### Directions for this task
Of all the lines below, output only those starting at the one with "Room IV - Estrel Congress Center & Hotel" and ending at the one with "1806 Briar Meadow Drive, Arlington, TX 76014", both ends included, exactly as written.

### Dataset records
------------------------------------------------------------------------
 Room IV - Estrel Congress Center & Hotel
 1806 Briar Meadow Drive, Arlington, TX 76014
------------------------------------------------------------------------
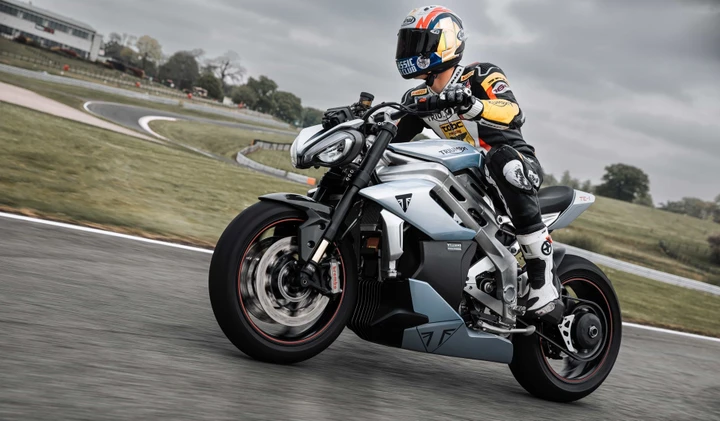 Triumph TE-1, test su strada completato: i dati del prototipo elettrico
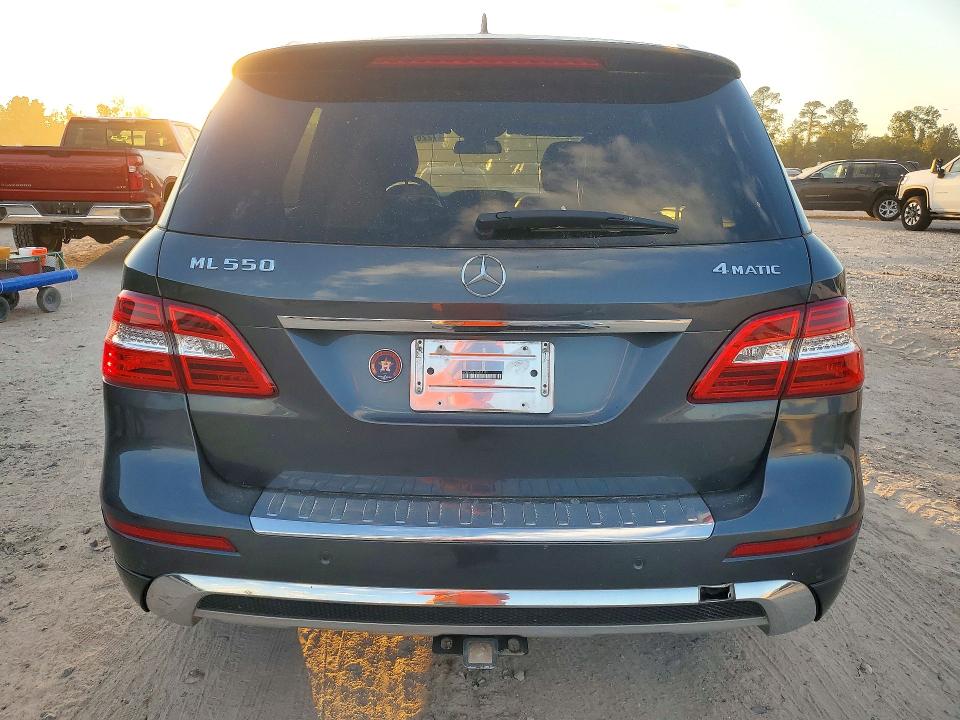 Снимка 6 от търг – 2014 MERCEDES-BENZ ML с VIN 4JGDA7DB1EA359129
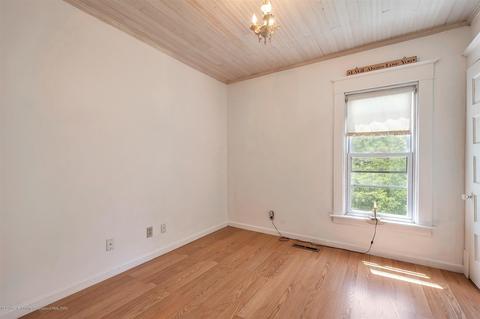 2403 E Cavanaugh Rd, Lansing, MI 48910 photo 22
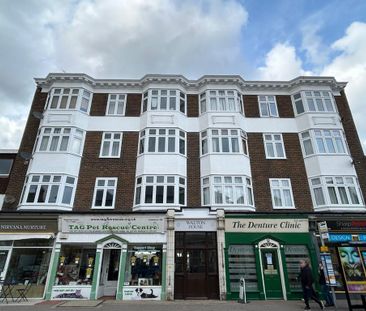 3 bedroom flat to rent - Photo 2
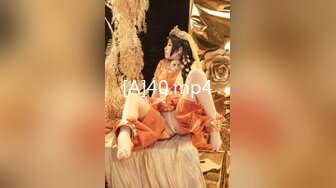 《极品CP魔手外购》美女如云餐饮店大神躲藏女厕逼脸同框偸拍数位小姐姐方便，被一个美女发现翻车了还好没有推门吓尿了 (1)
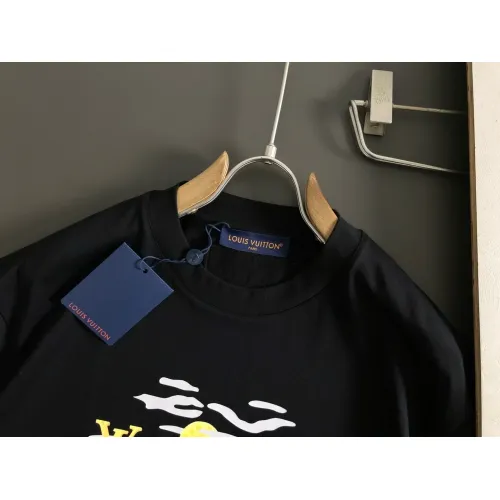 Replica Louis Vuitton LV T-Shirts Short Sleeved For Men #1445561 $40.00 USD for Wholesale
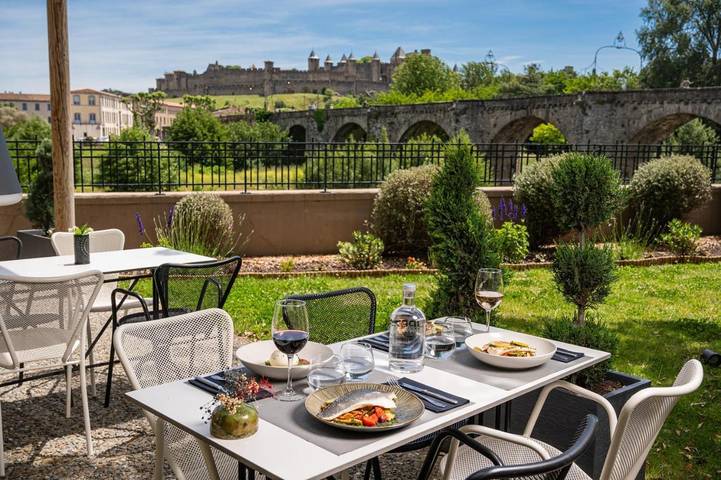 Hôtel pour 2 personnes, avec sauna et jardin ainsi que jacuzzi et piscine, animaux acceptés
------------------------------------------------------------------------
### Problem solution
 Room IV - Estrel Congress Center & Hotel
 1806 Briar Meadow Drive, Arlington, TX 76014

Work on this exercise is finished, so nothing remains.